My Honda 5 is now seven years old. It went to the dealer I bought it from, for it's annual service, in January. After servicing the gear lever was stiff :confused: . It had never been stiff before that.
However, after some use it has freed up slightly, to the point that I do not notice it, although it is still stiffer than it was before servicing.

I also have experience of a Yamaha 4 which I bought new for my previous boat. It was much lighter and required less of a pull to start it, although the Honda has been a much more reliable starter and runner. (Always starts second pull from cold, and has never missed a beat in seven years).
The light weight unfortunately means less robust as well, I managed to snap the power leg clean off (the Yamaha) when launching my boat. The outboard skeg touched the concrete ramp as I was pushing the boat off the trailer into the water. :eek:

The Honda is built like a much larger outboard, physically very robust and with features like pressure lubrication (most small outboards only use splash lubrication), the down side is it is very heavy. You pays your money and you takes your choice, as they say.

Looking forward to seeing you at Chichester. I will let you waggle my gear lever, to see what you think. ;)

Re: What outboard to buy

PostPosted: Tue Jul 12, 2016 7:53 pm
by zimp
Honda 8HP vs Yamaha 6HP

A few months ago we replaced our 12year old Honda 4stroke 2cylinder 8HP by a Yamaha 4stroke 1cylinder 6HP.

The differences are:
The weight of the Yamaha is about 20kg less
The Yamaha is much noisier than the Honda.
The Yamaha has no exhaust through the propellor, so more bad smells in the cockpit
The Yamaha has less thurst but still enough for a CC19
The Yamaha has a much smaller "footprint" / "wetted surface" so less drag during sailing.

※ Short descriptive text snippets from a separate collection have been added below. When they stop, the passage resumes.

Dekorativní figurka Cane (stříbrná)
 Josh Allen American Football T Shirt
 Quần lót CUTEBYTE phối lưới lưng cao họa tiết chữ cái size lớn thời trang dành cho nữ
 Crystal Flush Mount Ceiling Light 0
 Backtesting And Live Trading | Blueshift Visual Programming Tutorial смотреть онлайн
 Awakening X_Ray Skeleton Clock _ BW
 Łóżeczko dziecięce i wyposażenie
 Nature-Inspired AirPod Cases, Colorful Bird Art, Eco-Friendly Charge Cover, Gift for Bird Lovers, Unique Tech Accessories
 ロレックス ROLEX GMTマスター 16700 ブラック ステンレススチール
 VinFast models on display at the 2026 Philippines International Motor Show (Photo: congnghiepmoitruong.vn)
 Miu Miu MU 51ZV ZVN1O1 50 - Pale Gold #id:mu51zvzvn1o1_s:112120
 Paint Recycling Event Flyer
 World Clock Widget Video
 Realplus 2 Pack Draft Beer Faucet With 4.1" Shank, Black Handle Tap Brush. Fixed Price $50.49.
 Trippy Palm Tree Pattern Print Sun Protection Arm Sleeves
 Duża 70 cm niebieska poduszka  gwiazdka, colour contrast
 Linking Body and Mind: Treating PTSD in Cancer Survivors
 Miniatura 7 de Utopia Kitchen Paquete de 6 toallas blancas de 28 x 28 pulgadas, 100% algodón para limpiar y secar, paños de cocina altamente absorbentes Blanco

Conclusion; we are happy with our Yamaha because our CC19 sails better with that engine than with the Honda. Because the noise and the bad smells we try to use the engine a few as possible, that is exactly why we have a sailboat!

Re: What outboard to buy

PostPosted: Mon Sep 16, 2019 2:51 pm
by Julian Porter
There are some very old posts in this thread. Assuming that things may have moved on by 2019, I wonder if anyone could update me on the options for an outboard.

Re: What outboard to buy

PostPosted: Tue Sep 17, 2019 12:32 am
by erbster
I have a 1cyl 5hp Honda, 20yrs old. Still made. People keep saying it’s the most reliable. The CCs I see have a variety of engines (including 1 propane), and they all seem ok, but the most popular is Honda 5. Got mine second hand. What about electric?

Charles Erb CC19 #86 Aurora

Re: What outboard to buy

PostPosted: Tue Sep 17, 2019 10:12 am
by Dennis
Hello Julian

My Honda 5 is now ten years old.

It is still, noisey(ish), heavy, and requires a two handed pull to start it. But it has never missed a beat since new, and it always starts second pull when cold. I cannot fault it's reliability.